Tuesday, March 29, 2011

The Color of Winter II: Fade Out

Holidays are hard for me, typically. At my worst, the few years before this last one, I slid into hopelessness at the beginning of October and didn't crawl out again until April. This last year, I struggled some, to make social plans, but much of the rest of my life was unscathed. The hardest period was nothing compared to that black six months of years past, and it only lasted a couple of weeks around Christmas. But the holidays still wore at me. The weather wore at me. I was terrified to cycle in the snow and cold. And the prospect of moving, repeatedly yanked away from me, that wore at me most of all.

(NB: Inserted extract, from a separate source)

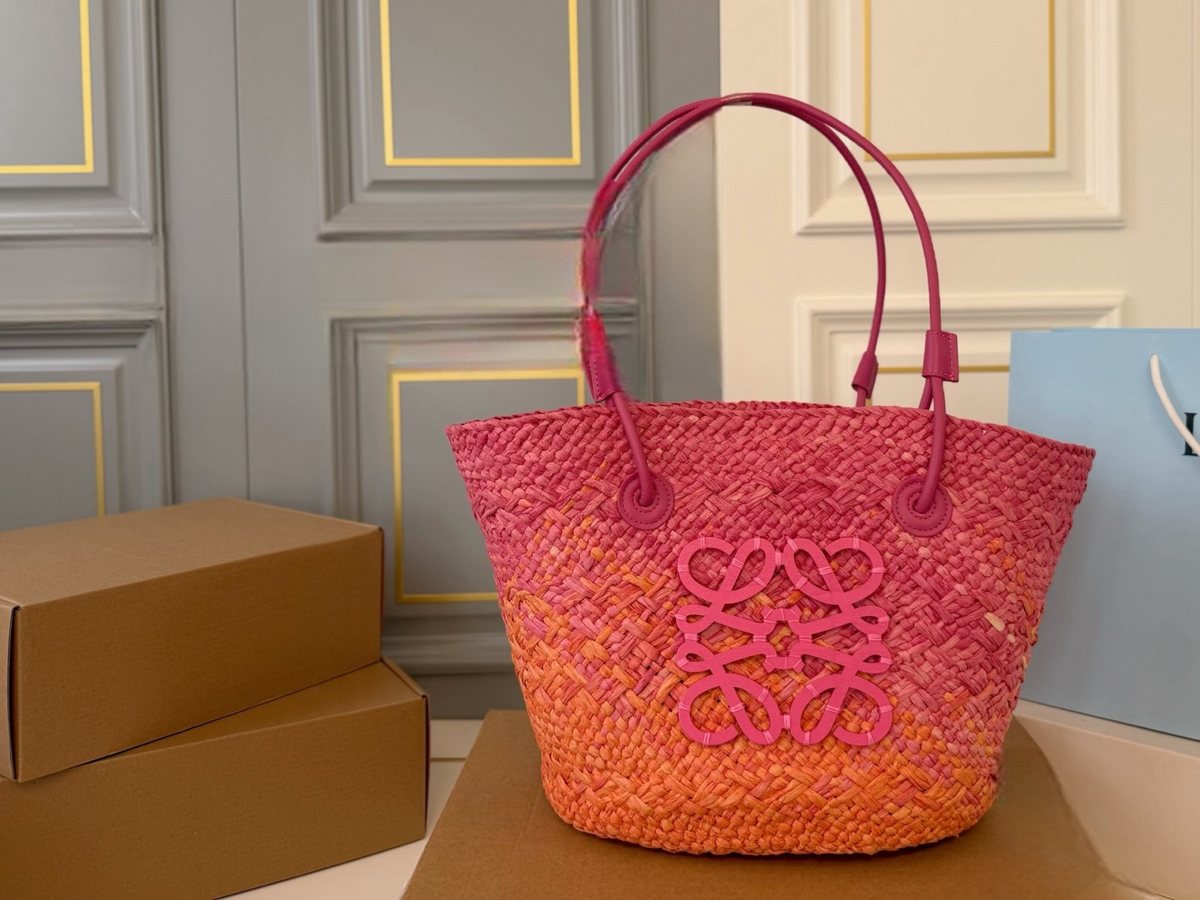 Loewe Handbag 070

I managed a few great things over the winter. I applied for a job. The first time in six years of disability. I added two more dance nights, so that I was taking west African dance classes four times a week. I added another night of volunteering at the bike workshop, and I began to join the other volunteers in community activist projects. And I beat that snow and ice terror and got to cycling through the worst of the weather, feeling deeply empowered for having done so.

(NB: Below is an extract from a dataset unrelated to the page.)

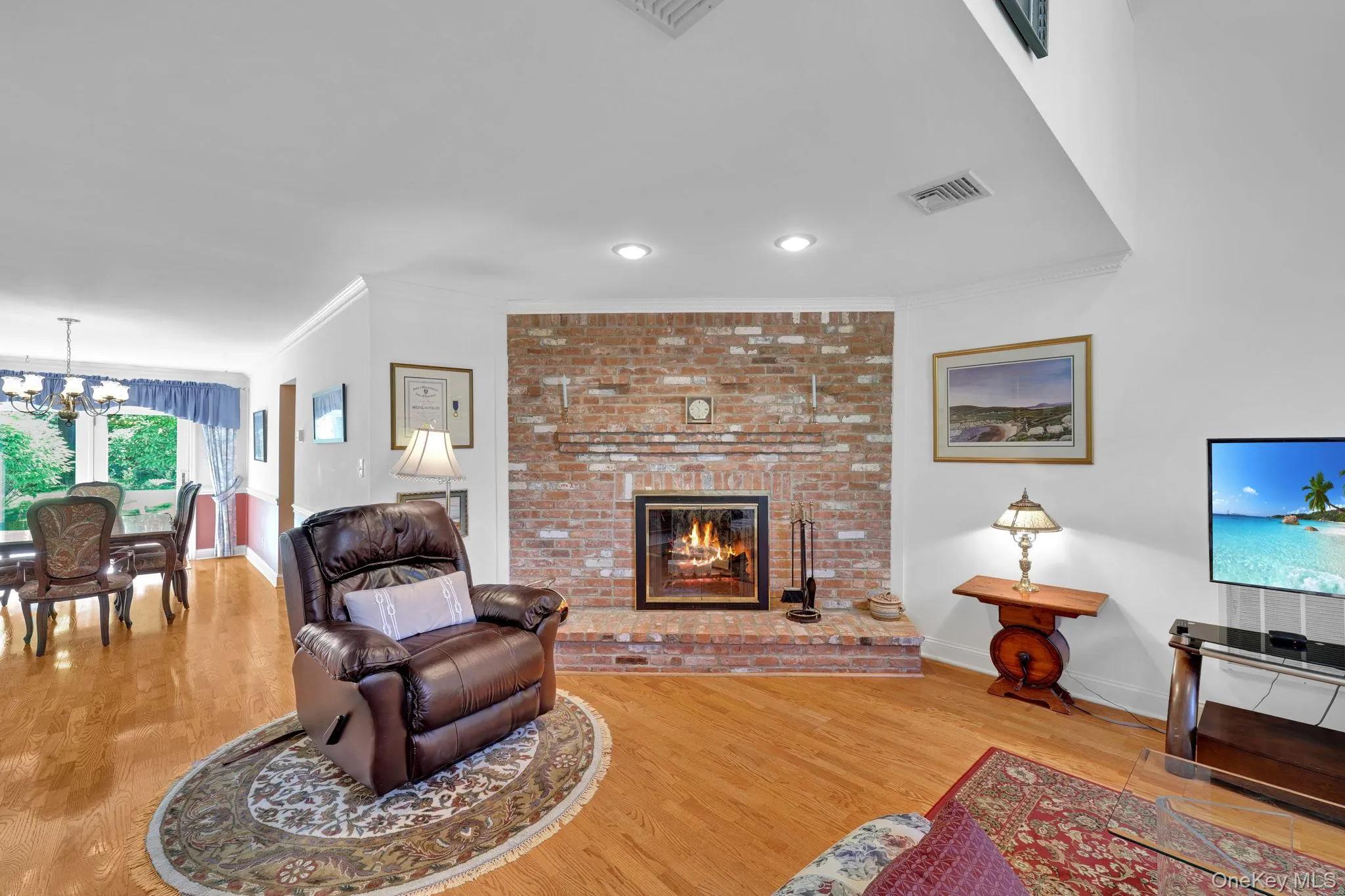 Fireplace Fireplace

But with everything that wore at me, my social tendency suffered, confidence waned, direction became muddled. Trust in the universe and the sense that my path was open, beautiful and attainable, and the compassion that came with that sense, began to fade. I was still doing all the big things I'd cultivated over the last year, but all the small things I'd been doing to make it all flow smoothly were left unattended, and began to wither. And the scold of the raven, the roar of the bear--days passed, then weeks, where they would to fail to reach me at all. I wasn't in a nosedive, but my climb upward had become a precarious hang in space without my feet rooted in reality.